Nos habitudes ne sont plus les mêmes avec l’avènement de la télévision, de l’Internet et de la technologie. Les parents croient que leurs enfants vivent à l’époque des années 60. Nous ne voyons plus une bonne attitude ni le respect des enfants envers les autres. Il faut sensibiliser les parents et les enfants. Helpline Mauritius fait son travail. Nous offrons des conseils aux parents et aux enfants, mais toute chose a une limite. Il faut qu’on durcisse les lois pour que les agresseurs pensent à deux fois avant de passer à l’acte. Nous avons démarré un programme depuis des années où nous réunissons les personnes âgées et les jeunes pour une interaction. Les personnes âgées éduquent les enfants sur les valeurs et nous avons constaté que les enfants sont contents. Elles viennent volontairement et offrent des cadeaux aux enfants. Il nous faut ce partage entre les personnes âgées et les enfants.

Peut-on dire que l’exploitation sexuelle est généralisée dans le pays ?

Oui. Lorsque nous allons sur le terrain, ce sont les proches de la famille qui viennent dénoncer des cas. Ce ne sont pas que les familles pauvres dans certaines régions. Le problème est partout. Nous avons aussi des familles riches, des noms qui sont très connus. Penser à ces noms uniquement nous inquiète. C’est très malheureux.

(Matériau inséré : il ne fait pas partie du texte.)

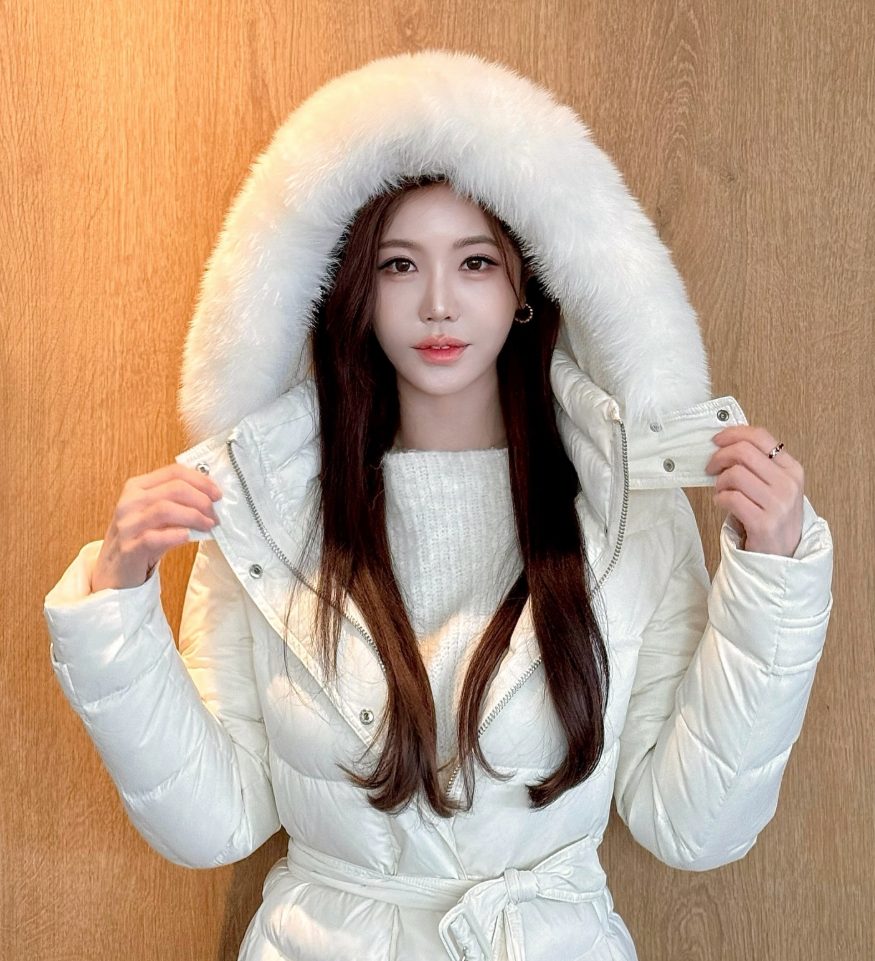 개인 SNS에서 패딩 착용 모습을 공개한 강예빈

Pensez-vous que le gouvernement fait assez d’efforts pour endiguer ce problème ?

À chaque fois que nous avons rencontré le gouvernement, nous lui avons demandé son soutien. Moralement, on aide, mais nous n’obtenons aucun soutien financier. De 1990 à 2018, nous n’avons eu aucun soutien financier du gouvernement. Tous les ministres, qui sont venus assister à nos événements, nous ont félicités pour notre travail, mais sans plus. Ils n’ont rien fait. Grâce à nos partenaires d’affaires, nous pouvons assurer les activités de Halley Movement. Nous ne devons plus nous voiler la face devant les problèmes auxquels font face les enfants dans le pays. Il y a trop de choses qui se passent. Si les Ong ne demandent pas au gouvernement de se ressaisir, que se passera-t-il avec l’avenir de nos enfants ?

Un mot sur Halley Movement…

Le Halley Movement est affilié à l’ONG ECPAT International qui existe depuis 1996. Cette Ong avait commencé ses activités à travers une conférence sur l’exploitation des enfants. Depuis cette époque, nous travaillons ensemble et nous mettons l’accent sur l’exploitation sexuelle des enfants. Suite à nos études faites et basées sur l’effet de l’Internet sur les enfants en 2000, nous nous sommes engagés dans cette lutte. Nous avons aussi noté qu’il y a un abus sexuel sur les enfants. Également à cette époque, Interpol nous avait contactés pour nous informer d’un cas suspect dans un hôtel dans l’Ouest. Nous avions eu à contacter le gérant de l’hôtel pour le confronter aux faits. Mais rien n’a été fait après enquête. C’était peut-être pour préserver l’image du pays.